RECORD EXCERPTS:
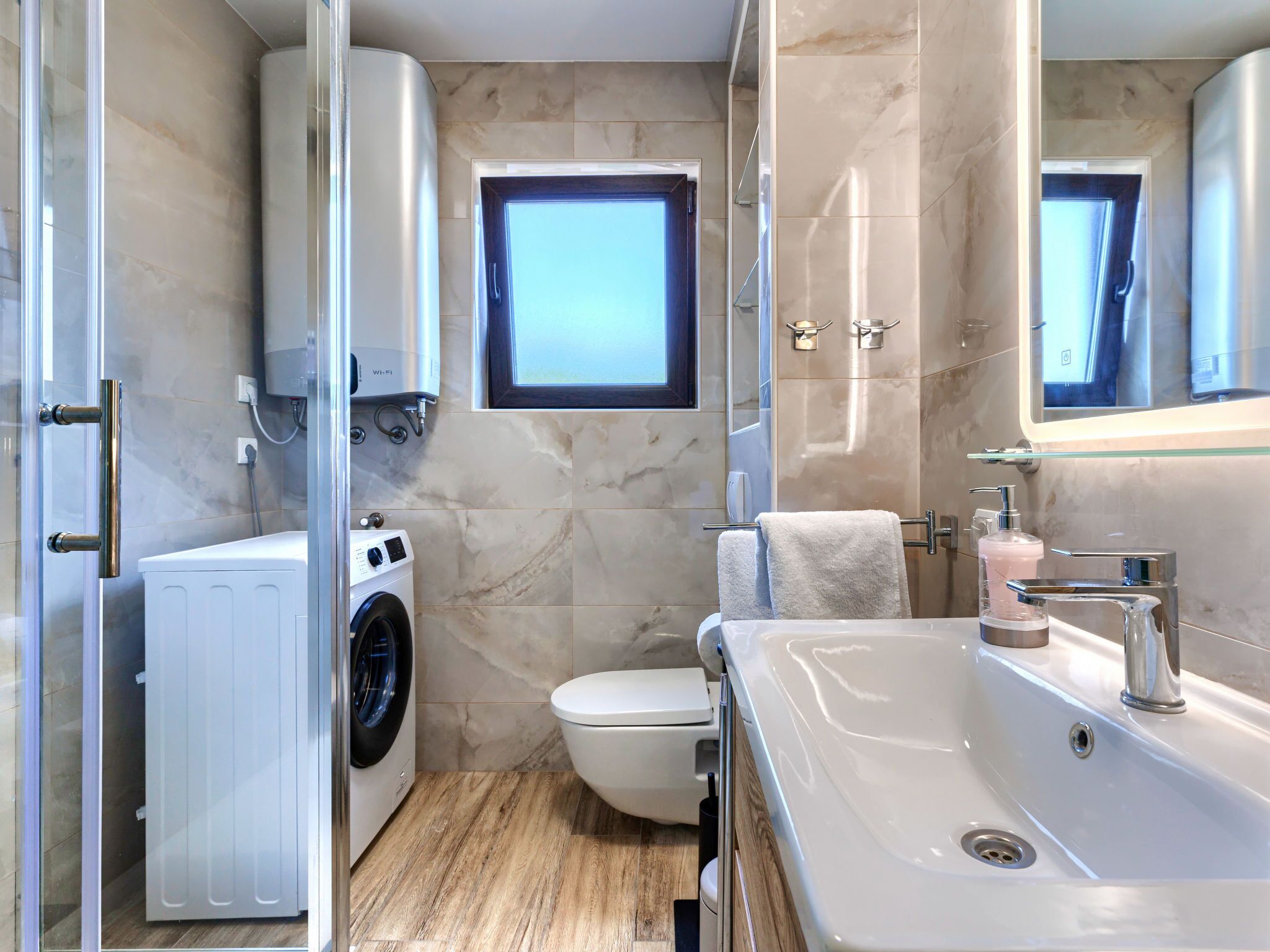 A modern bathroom with a built-in washing machine, a toilet, a sink with a mirror, and a window above the toilet.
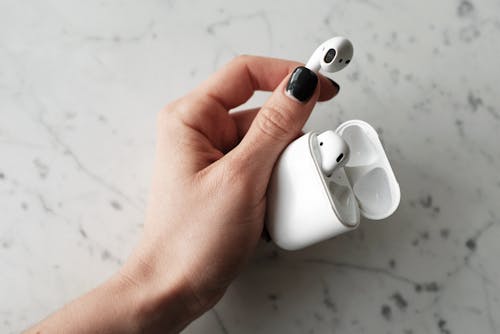 Free Photo of Person Holding Apple Airpods Stock Photo
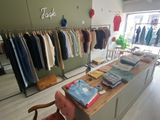 a table with a lot of clothes on it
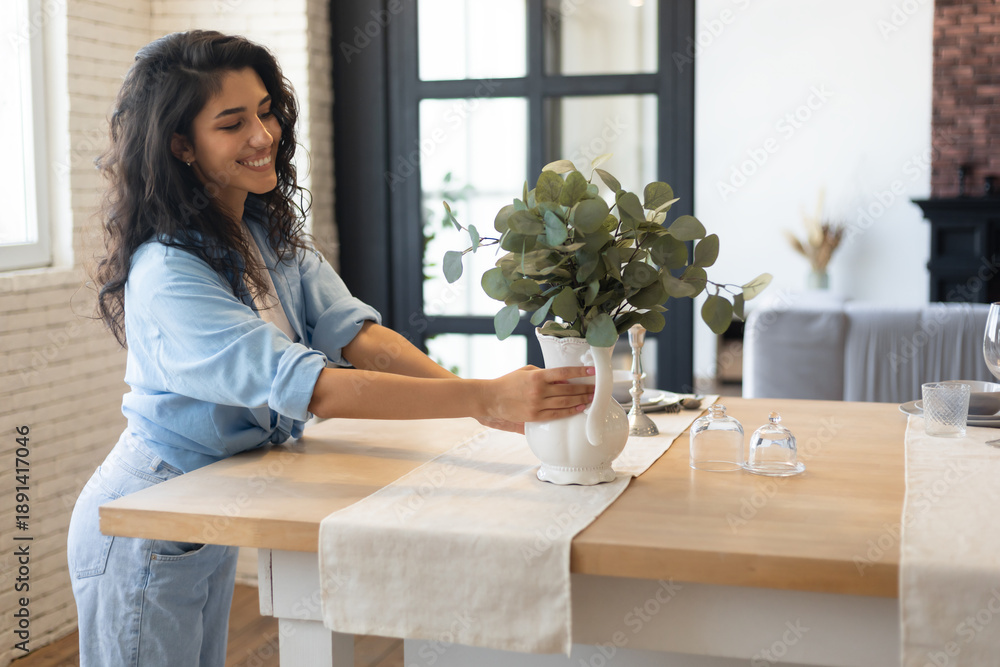 Naklejka premium Modern home interior design, Scandinavian style concept. Beautiful young brunette woman arranging plants in vase, decorating dining room table, creating cozy atmosphere in her apartment, copy space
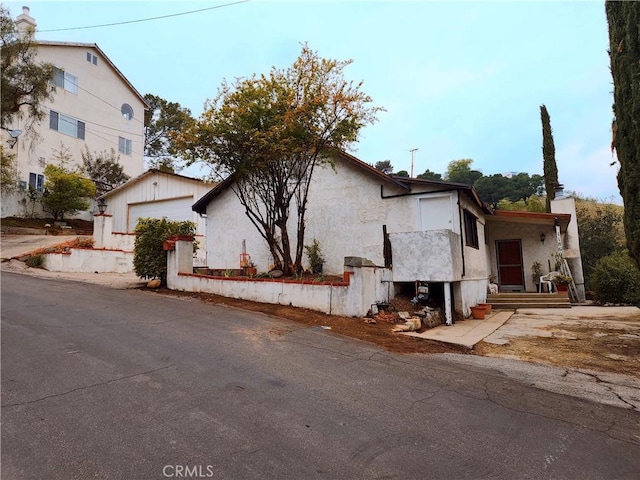 11860 W Trail Trail, Sylmar, CA 91342 - view of front of property featuring a garage
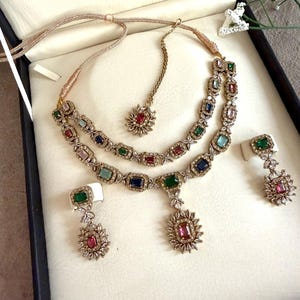 May include: A multi-piece jewelry set featuring a two-layered necklace, a maang tikka, and two drop earrings. Each piece is crafted with gold-toned metal, clear crystals, and rectangular-cut multicolored gemstones in shades of red, blue, and green.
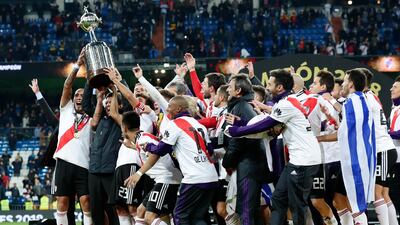 Marcelo Gallardo, coach of Argentina's River Plate, second from left, celebrates with the trophy after his team defeated Argentina's Boca Juniors. AP Photo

TASK DIRECTIONS:
The answer should consist only of the lines from the line with "May include: A" through the last line of the data, repeated exactly; pictures stay out.

OUTPUT BELOW:
 May include: A multi-piece jewelry set featuring a two-layered necklace, a maang tikka, and two drop earrings. Each piece is crafted with gold-toned metal, clear crystals, and rectangular-cut multicolored gemstones in shades of red, blue, and green.
 Marcelo Gallardo, coach of Argentina's River Plate, second from left, celebrates with the trophy after his team defeated Argentina's Boca Juniors. AP Photo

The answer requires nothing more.